* [Exercise instructions]:
All pictures must be dropped, while the entries are given again word for word.

:: Data records ::

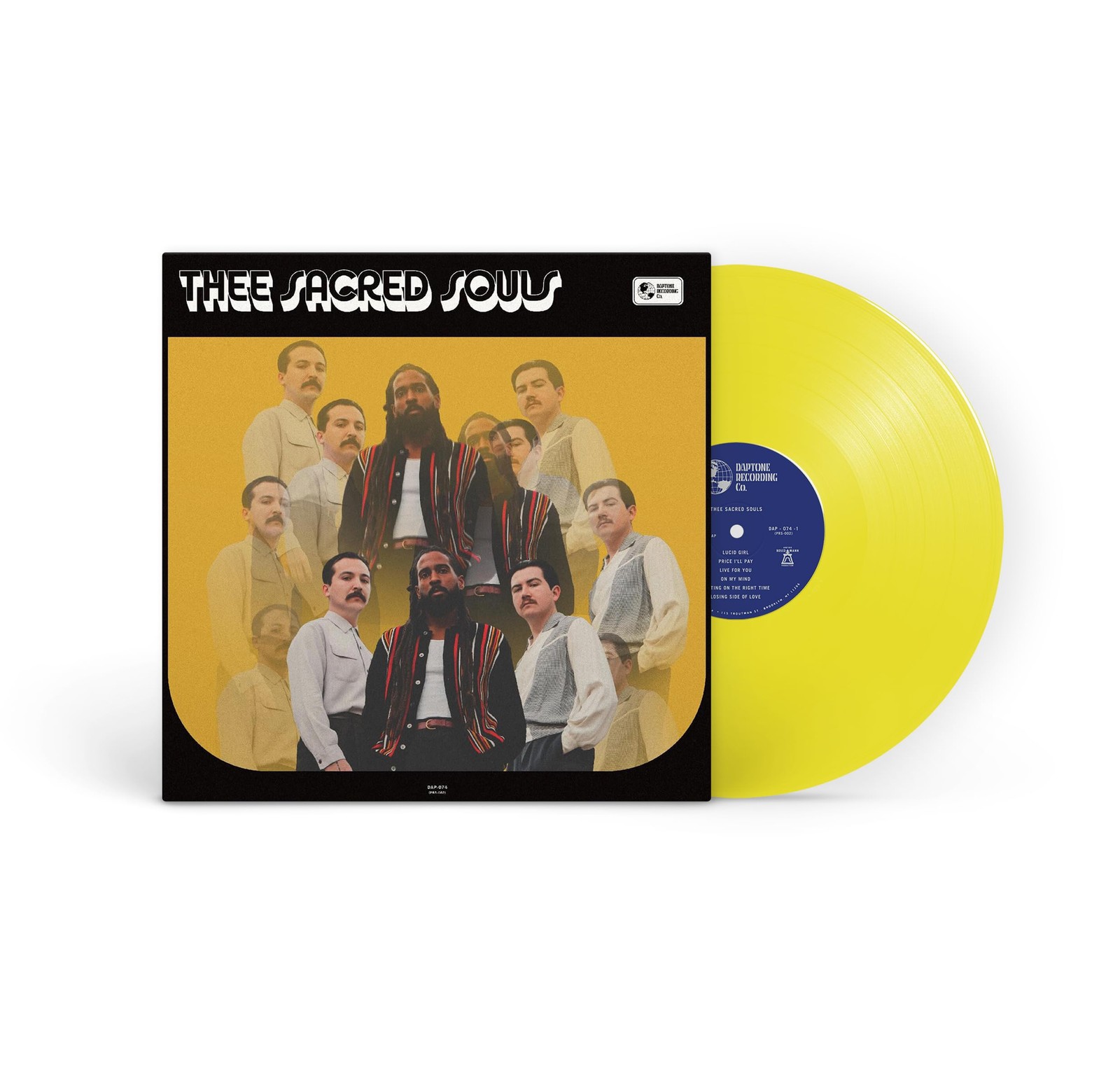 Thee Sacred Souls Thee Sacred Souls LP Vinyl DAP074LP NEW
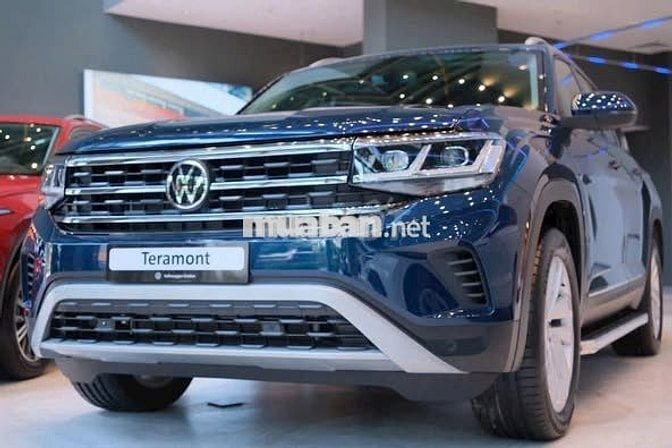 Volkswagen Teramont 7 chỗ Nhập Mỹ-Hỗ trợ vay 100%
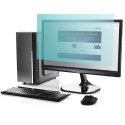 Qoltec Filtr światła niebieskiego 23.8 cala | 16:9 | Ochrona wzroku | Anti Glare | Matowy | na monitor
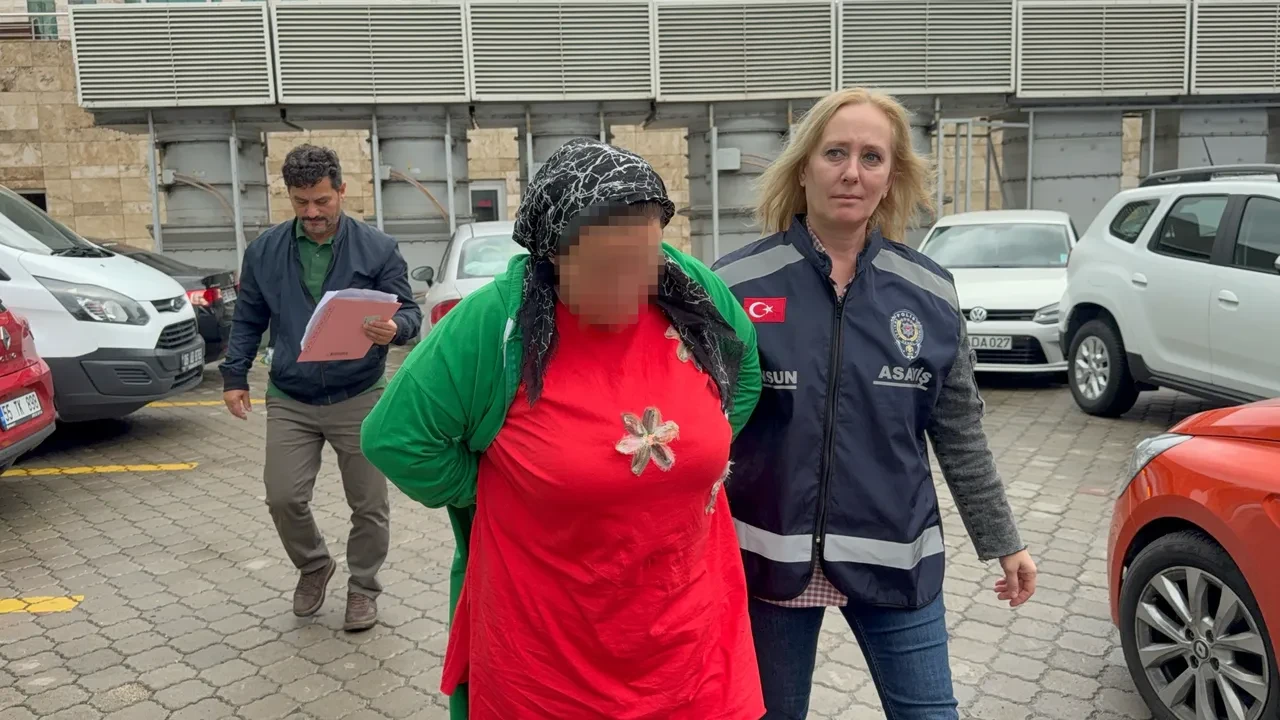 Yardıma gelen komşu altınları çaldı! Samsun'da akılalmaz olay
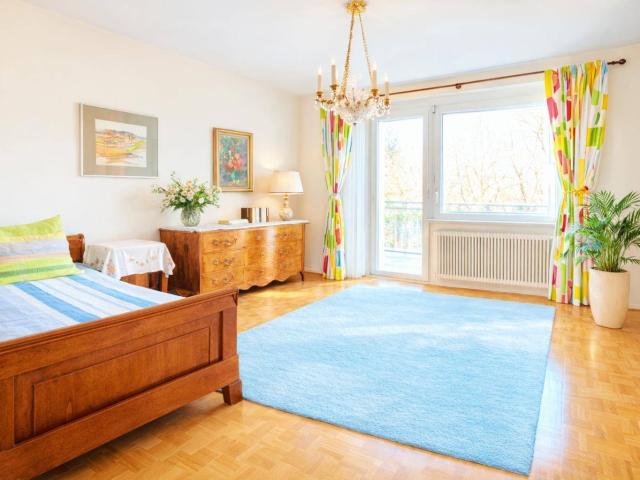 GEIDORF RUHELAGE: Barrierefreie, WG taugliche 3 Zimmer Wohnung mit Balkon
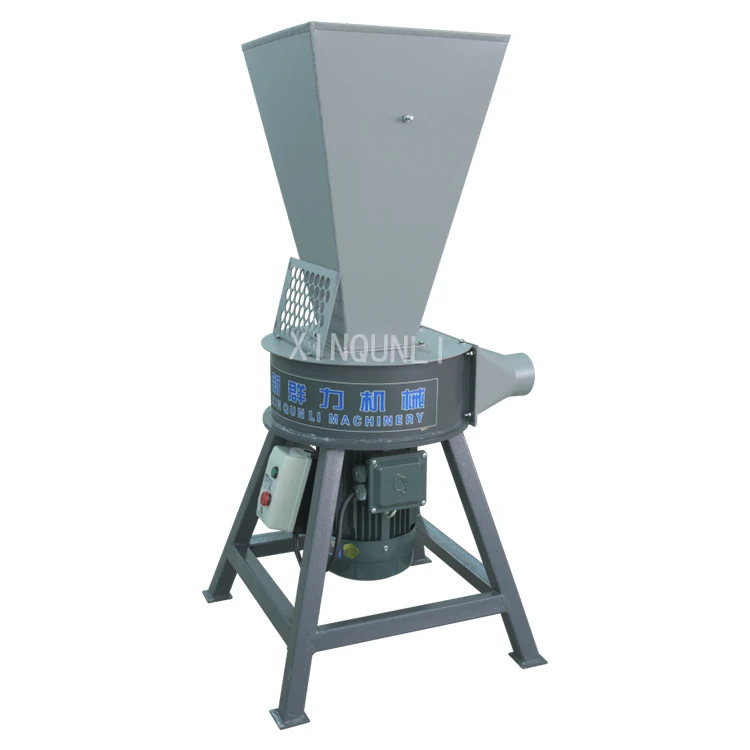 High efficiency  capacity 40-60 kg/h foam shredding machine for sofa factory cutting board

:::

* [Solved exercise]:
 Thee Sacred Souls Thee Sacred Souls LP Vinyl DAP074LP NEW
 Volkswagen Teramont 7 chỗ Nhập Mỹ-Hỗ trợ vay 100%
 Qoltec Filtr światła niebieskiego 23.8 cala | 16:9 | Ochrona wzroku | Anti Glare | Matowy | na monitor
 Yardıma gelen komşu altınları çaldı! Samsun'da akılalmaz olay
 GEIDORF RUHELAGE: Barrierefreie, WG taugliche 3 Zimmer Wohnung mit Balkon
 High efficiency  capacity 40-60 kg/h foam shredding machine for sofa factory cutting board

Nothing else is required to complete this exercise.